My clients usually report that they feel more motivated to collaborate more often after a design sprint. Once the walls have been broken down, and they see the value of working together, they are more likely to change their processes and workflow to accommodate this. This is the seed of a collaborative culture where creativity can flourish.
There is a caveat here. When you are getting that many people to commit and block 5 days in their calendars, they will, likely, not attend to other work and projects. So, there is an opportunity cost here. But that’s why it’s important to rope in a design sprint expert to produce results. If you are going to commit those resources and time for a week, it better count.
3. Get feedback early and reduce market risk
Design sprints incorporate user testing early in the design process. This may be slightly different from how you would normally do things. That early feedback is accessible to all the teams participating in the sprint. More people understand the general direction and requirements from the feedback, and they’ll have an opportunity to refine after the sprint. You are more likely to build a higher quality product for your users.

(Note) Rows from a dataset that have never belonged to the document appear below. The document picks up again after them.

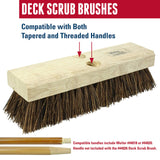 Weiler 44026 Heavy Duty Deck Scrub Brush with Natural Palmyra Bristles for Wooden Decks, Conrete Patios, and Other Rough Surfaces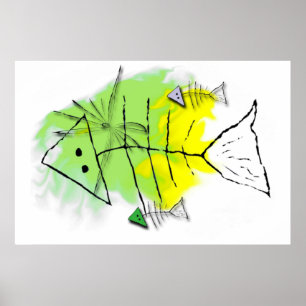 Primitive Fischkanvas drucken Poster
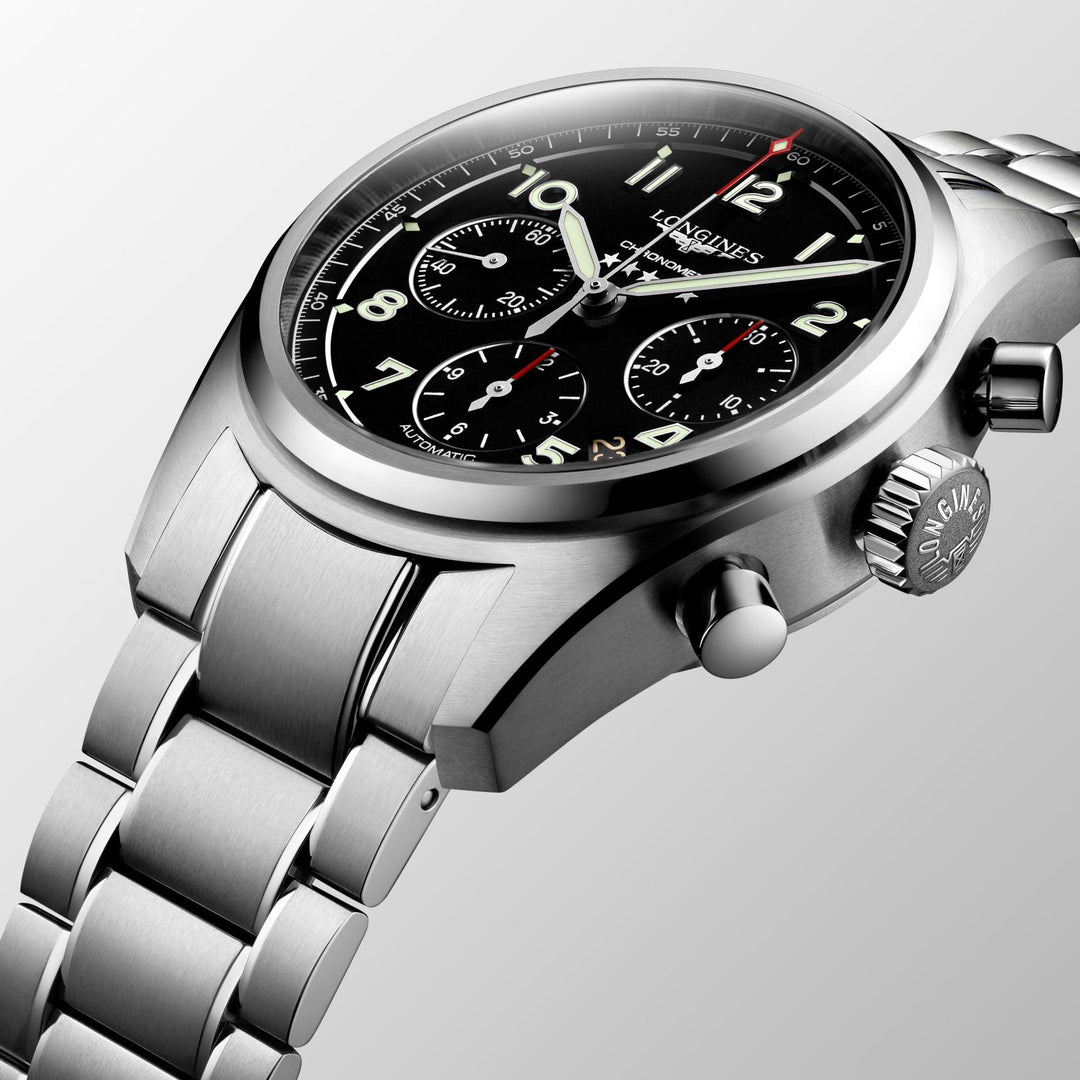 Longines watch Spirit chronograph 42mm black matt automatic steel L3.820.4.53.6 - Gioielleria Capodagli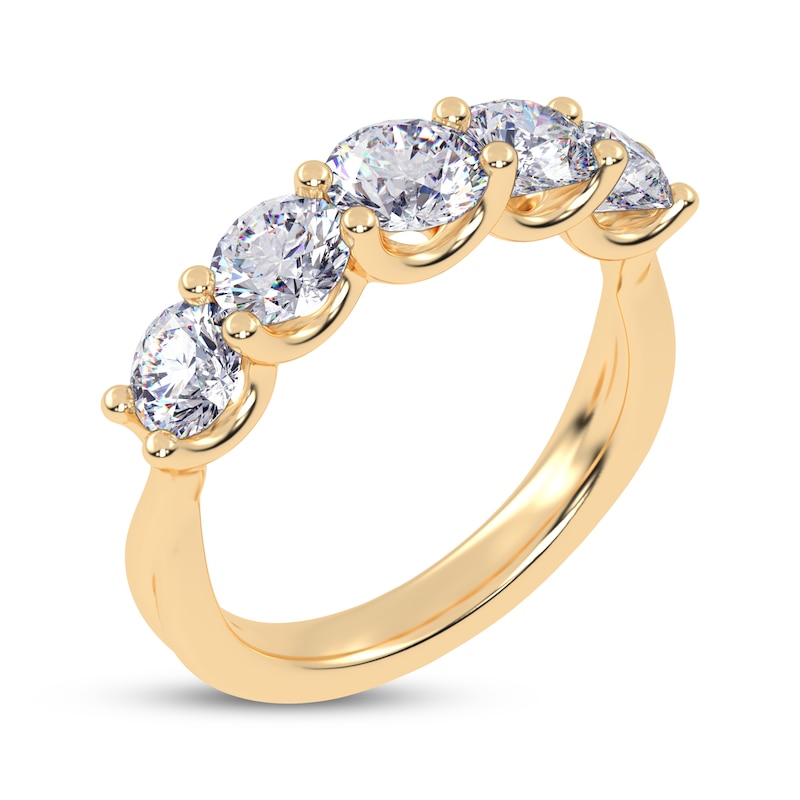 Main Image 2 of Lab-Grown Diamonds by KAY Graduated Five-Stone Anniversary Ring 2 ct tw 14K Yellow Gold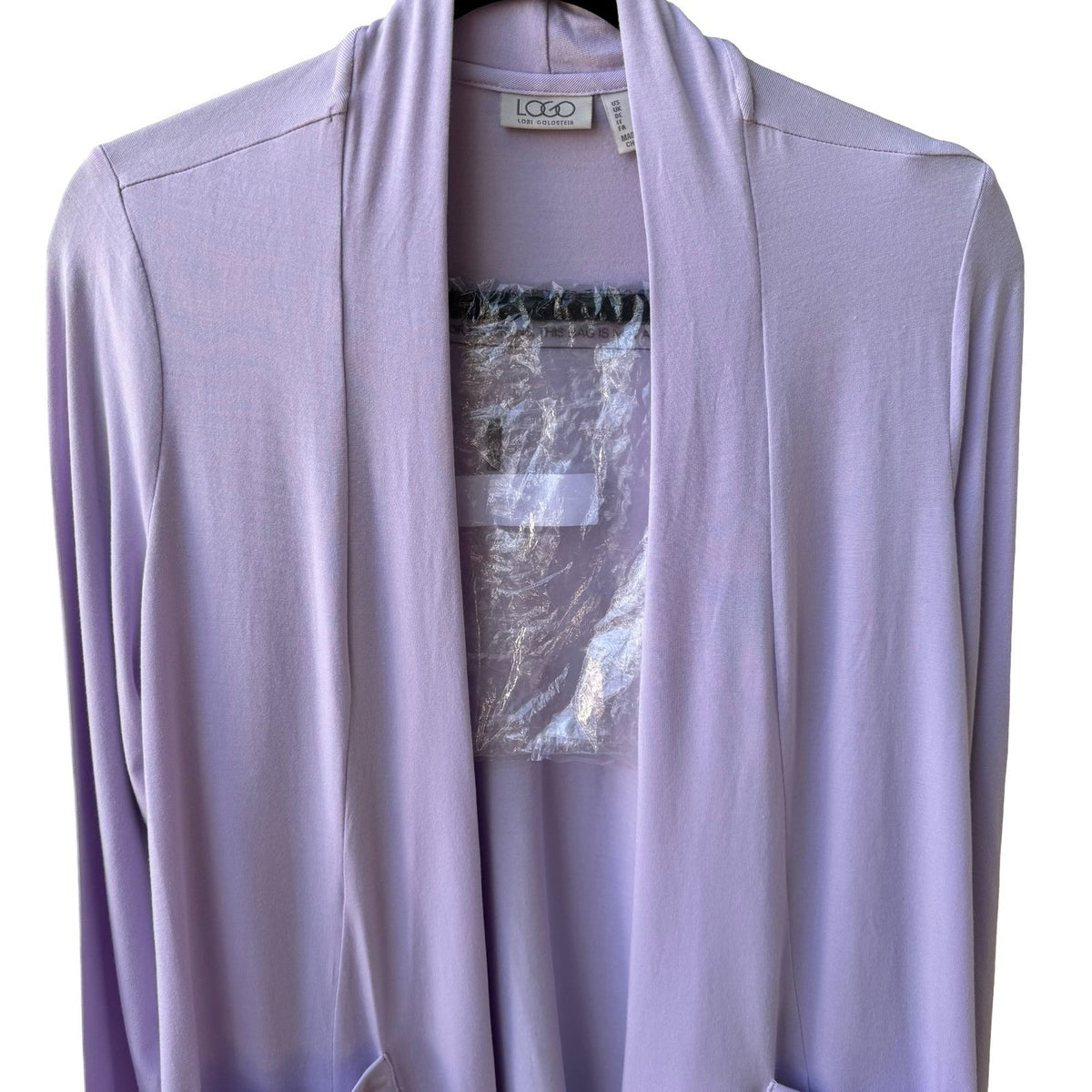 LOGO Lori Goldstein Layering Minimalist Open Satin Hem Cardigan Purple M NEW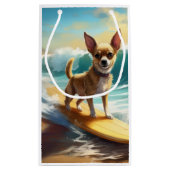 Chihuahua strand surfen schilderij klein cadeauzakje (Achterkant)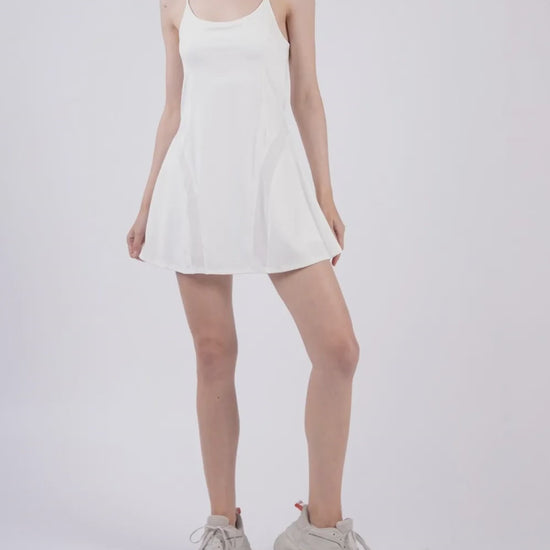 Mesh Detail Tennis Mini Active Dress with Shorts Inside in White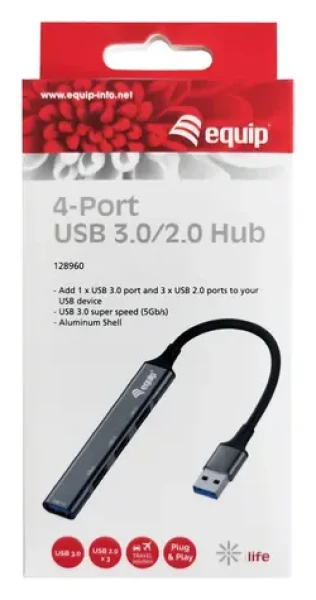 Equip USB Hub 4 porty černá / USB hub / 1× USB-A 3.2 Gen 1 + 3× USB-A 2.0 / 5 Gb/s / hliník (128960)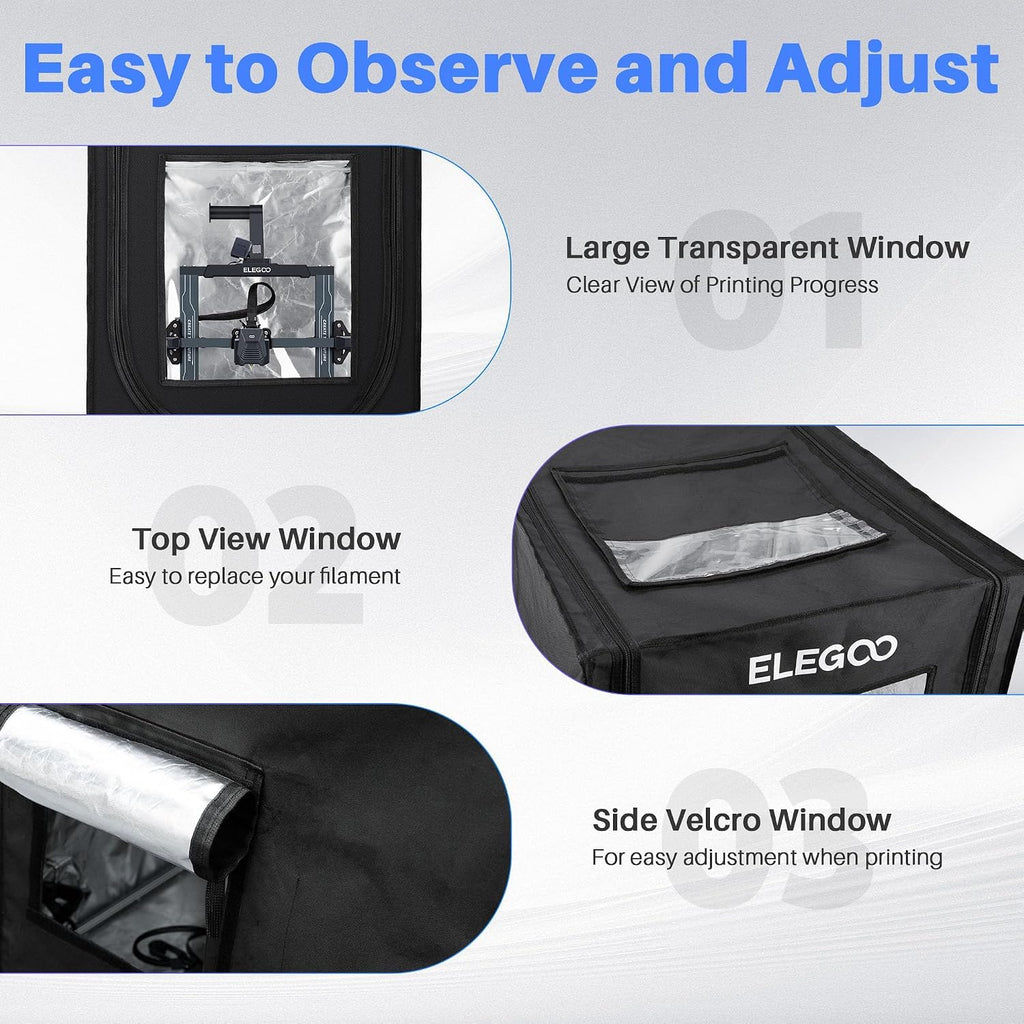 ELEGOO 3D Printer Enclosure, Fireproof & Dustproof 3D Printer Cover | Constant Temperature Tent for Neptune 3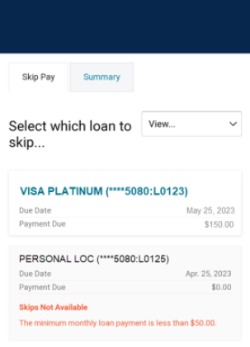 Skip Pay - accessing the menu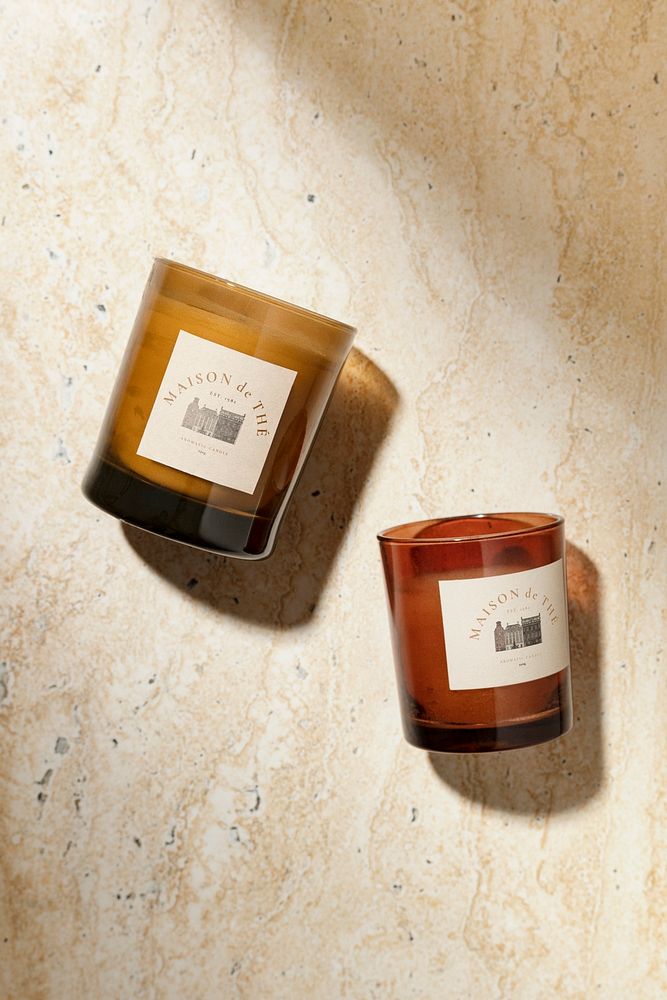 Candle label mockup psd, aromatic home spa product
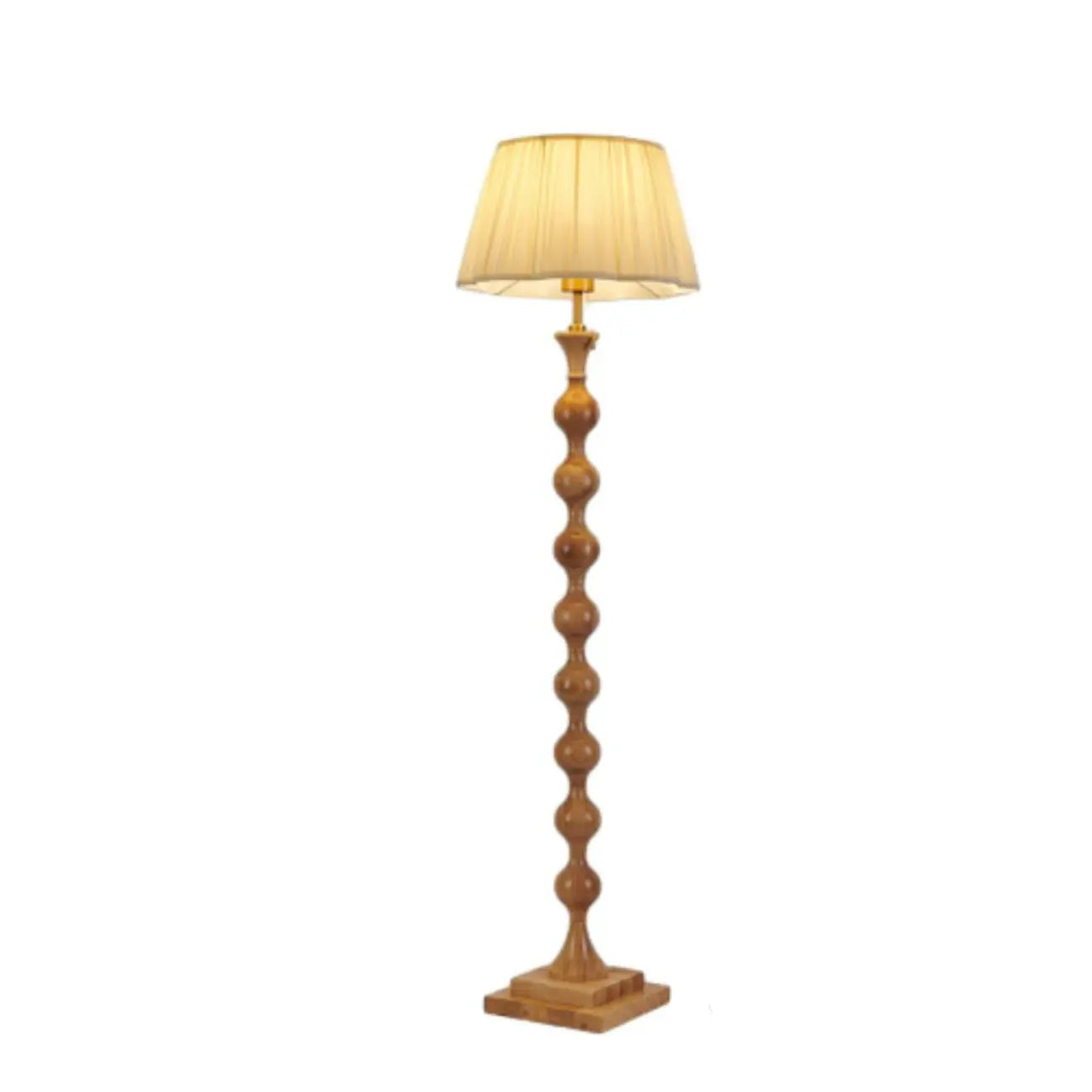 62 H Traditional Wooden Floor Lamp with Fabric Shade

Simply put, you won’t end up building something nobody wants to use. This means you will be assured that you are working in the right direction, and address any shortcomings or limitations in your product. There is always a risk of failure every time you offer something to your target market. Design sprint helps you reduce this risk.
So, will a design sprint ensure you create a product that’s sure to blow your competitors out of the field?
Possibly, but that’s not really the value you’re deriving.
In business, time is money. If you can halve the time it takes to do something, you’ll free up resources to work on the next important project. Design sprints help you outpace and outshine your competitors. You’ll reduce design and development costs, as well as opportunity costs – the prospects you’re missing out on because you’re stuck building products and features for a long time.
Design sprint’s biggest strength is its time-bound method that won’t extend your project timelines. Yes, it requires commitment from multiple teams, but you know the amount of time it will take to get things done. There are no extensions or delays in the scope of work.
A close second benefit is the collaboration and alignment it brings. Everybody gets their heads together and digs into the work in a short time. You get more creative ideas, better solutions, and get to align the business goals, product goals and user needs.
Finally, design sprint helps with risk mitigation. These are all factors to consider when you are looking at doing design sprints. It will be a new way of doing things, and may surprise you by how efficient and creative you can be.